**Data for analysis**

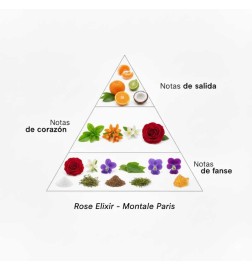 Élixir Rose - Montale Paris Conseils gratuits et envois!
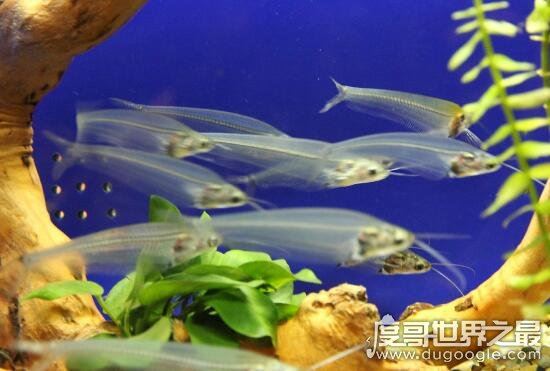 幽灵鱼又叫做玻璃猫，通体透明只看得见骨头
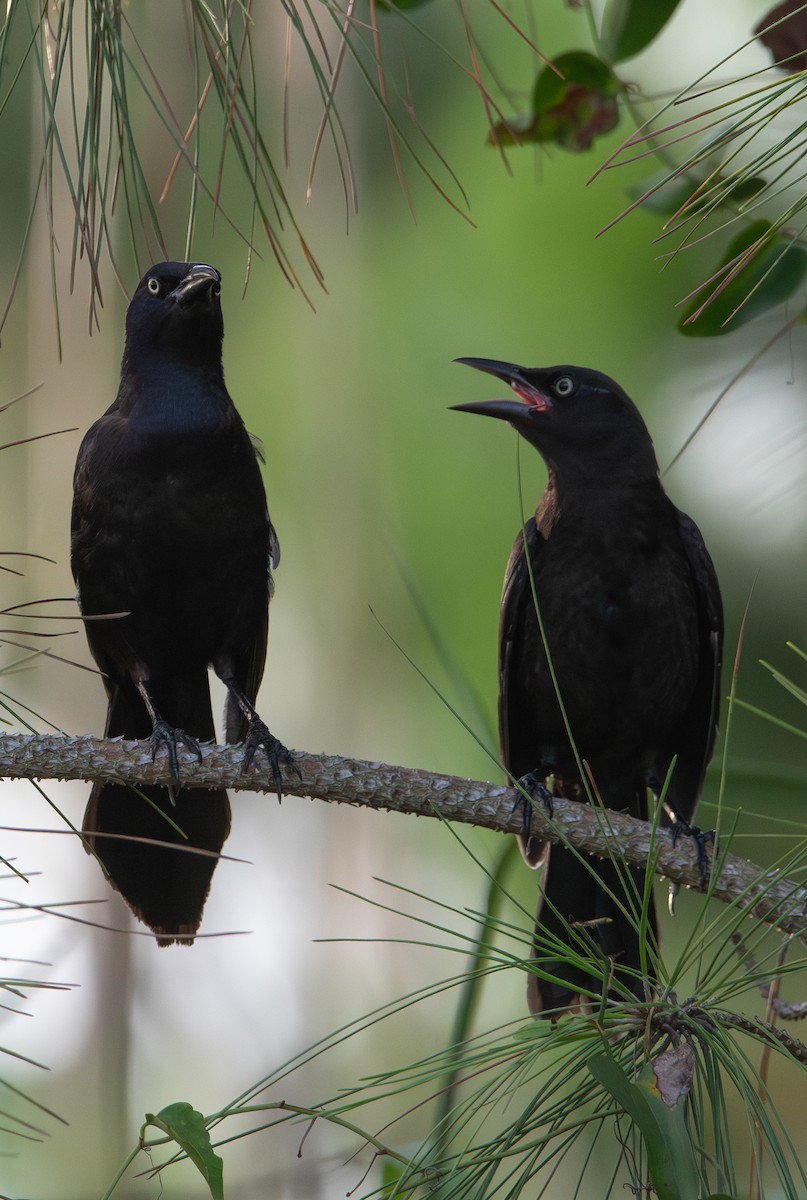 Common Grackle - ML620799618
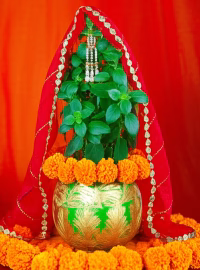 Tulsi vivah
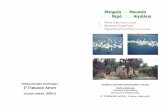 Μνημεια - Μουσεια στην Αιγιαλεια: Αλυκη - Εφταπιτα 2005-6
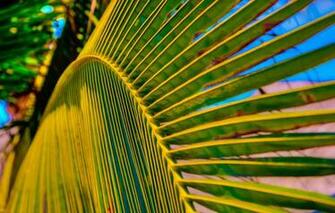 Wallpaper Summer Palm Tree Leaf Macro Nature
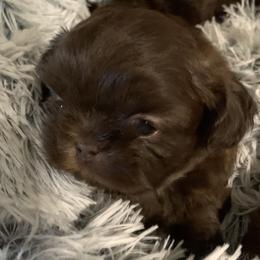Shih Tzu Puppies from Mosley Kennel Shih Tzu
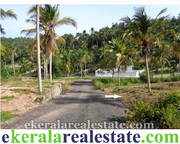 Thiruvallam Trivandrum land for sale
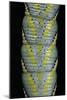 Acherontia Atropos (Death's Head Hawk Moth) - Caterpillar Detail-Paul Starosta-Mounted Photographic Print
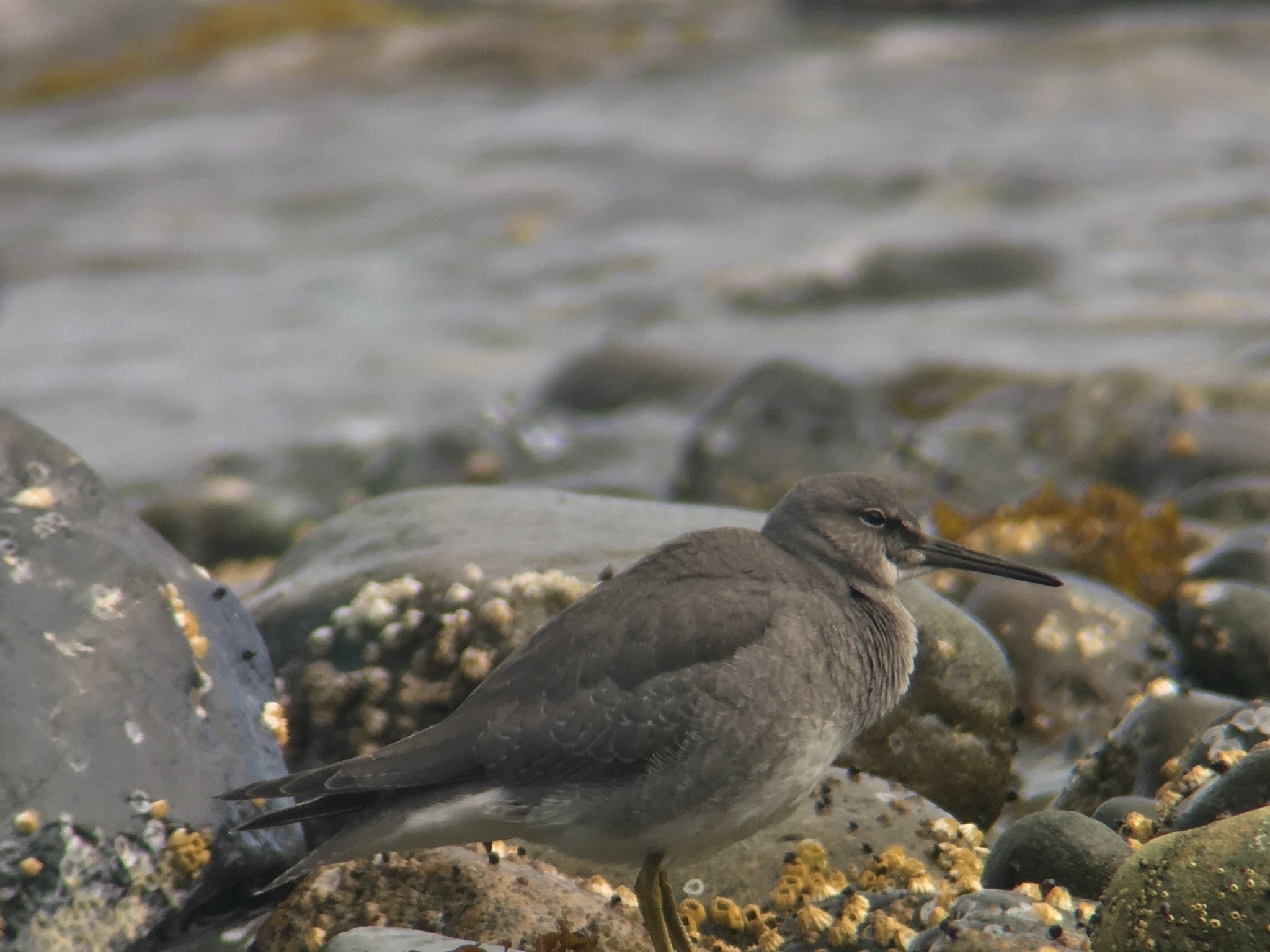 Wandering Tattler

**Description of the task**
Begin at the first line of the records and please reproduce every line exactly through the one containing "Thiruvallam Trivandrum land for sale", leaving all pictures out.

**Solution to this exercise**
 Élixir Rose - Montale Paris Conseils gratuits et envois!
 幽灵鱼又叫做玻璃猫，通体透明只看得见骨头
 Common Grackle - ML620799618
 Tulsi vivah
 Μνημεια - Μουσεια στην Αιγιαλεια: Αλυκη - Εφταπιτα 2005-6
 Wallpaper Summer Palm Tree Leaf Macro Nature
Shih Tzu Puppies from Mosley Kennel Shih Tzu
 Thiruvallam Trivandrum land for sale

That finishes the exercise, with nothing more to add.